DENVER — On a cold winter day at Sports Authority Field at Mile High, Valor Christian reestablished their spot atop the high school football rankings in Colorado by avenging their only loss to a team within the state this season.
The Eagles (12-2 overall) downed the Pomona Panthers (10-4) by a final score of 29-26 in a rematch of the very first game of the season, in which the Panthers upset the then-No. 1 ranked Eagles 28-14.
Only this time, the Class 5A state championship was at stake.
Things were tough for Valor all game long, as they’d need a fumble with under three minutes to go in order to orchestrate the game-winning drive.
“I thought we left a lot of yards on the field today,” said Valor head coach Rod Sherman. “We’d get a penalty here, a negative play there. We didn’t feel like we didn’t have plays we could call, we were just missing little things throughout the game.”

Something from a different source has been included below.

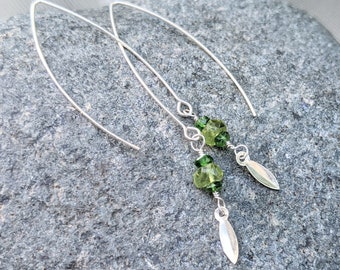 Leaf Earrings - Sterling Silver Leaf Earrings - Peridot Earrings - Birthstone Earrings - Green Leaf Earrings - Leaf Charm Earrings - 925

Things got off to a fast start for the Panthers, who utilized their seldom-used passing attack to drive down to a 7-0 lead on the first possession of the game after facing 10 men in the box from Valor on defense. The drive was capped by a rollout pass from Ryan Marquez to Elijah Leyva in the back of the endzone.
But, it was Pomona’s defense that stole the show in the first quarter, stopping the vaunted Eagles offense first on a 4th and short on Valor’s opening possession, then sacking Dylan McCaffrey for a safety on the Eagles’ second possession of the game.
The lull in offense was short-lived for the Eagles however, as they would take most of the second quarter orchestrating a drive that would bring them within two of the Panthers, capped by a McCaffrey sneak into the endzone for Valor’s first points of the game with 4:29 to go until half.
Pomona wasn’t done themselves in the first half though. After a converted fake punt by Max Borghi, the Pomona running back then threw a halfback pass 28 yards to Masavik Dominguez to extend the Panthers’ lead to 16-7.
“They were able to run the ball a little better than we expected,” Pomona head coach Jay Madden said after the game. “But we were really able to weather it and force them out of their rhythm.”
A missed field goal from 49 yards opened the second half for Valor, and from there Max Borghi sprang for a 50-plus yard run, setting up a field goal for the Panthers to make it 19-7. The Eagles, determined not to lose the quarter, answered with another sustained drive finished with a four-yard touchdown run by Joshia Davis.
With the fourth quarter underway, the Panthers got back to the roots of their offense, pounding the ball inside in a effort to run clock. Borghi once again was front and center for Pomona as they grinded their way down into the endzone with under nine minutes to play to extend the lead to 26-14.
As Valor tried to mount a comeback down by two scores, the Eagles were able to drive but struggled to pick up big chunks of yardage against the stingy Panthers defense. By the time McCaffrey threw a touchdown pass to Ben Waters to make it 26-21, time would be a factor the rest of the way.
“We’ve been here before,” said Waters after the game. “Don’t get me wrong, heading into the fourth quarter we knew we had to step up and be a little more desperate, but we execute these plays in practice every day. We had to remember to keep it simple.”
When Pomona got the ball back, a heavy dose of Max Borghi was in order, but the workhorse running back fumbled the ball away at midfield after a gaining a first down, giving the Eagles new life.
For McCaffrey and Waters, that was all the opening they needed. Waters rumbled over 40 yards down to the four yard line before Davis punched it home to give Valor the 29-26 lead after the two point conversion.
“I knew I was getting the ball on the play,” Waters said. “I looked over at my coach and he said ‘you gotta lock it up,’ so that was my main focus but when the extra yards were there I knew I was going to take it all the way.”
For Pomona, the loss was their fifth in a state championship game, with their lone victory coming in 1988 over Montbello.
“I’m in shock,” Madden said. “They’re a tough team, and they have great players, but we were in position to win.”
“Sometimes the ball just doesn’t bounce your way.”
For the Eagles, who lost in last year’s state title game to Cherry Creek, it was a return to the status of champions for the sixth time in seven years, and their third title at 5A.
“In our program, we don’t want to focus too much on peaks and valleys,” Sherman said. “We lost a close game like this last year and tried not to be too devastated about it, and this year we’ll try not to be too over the moon. It’s about the time we’ve gotten together as a team, and we thank God, specifically for that.”
But for seniors, like Waters, this was the cap on the experience of a lifetime.
“It’s been so different than any team I’ve ever played on,” Waters said. “As a senior you try to take more ownership in the team, and I think we did that this year. The result has been the most fun I’ve ever had in my life.”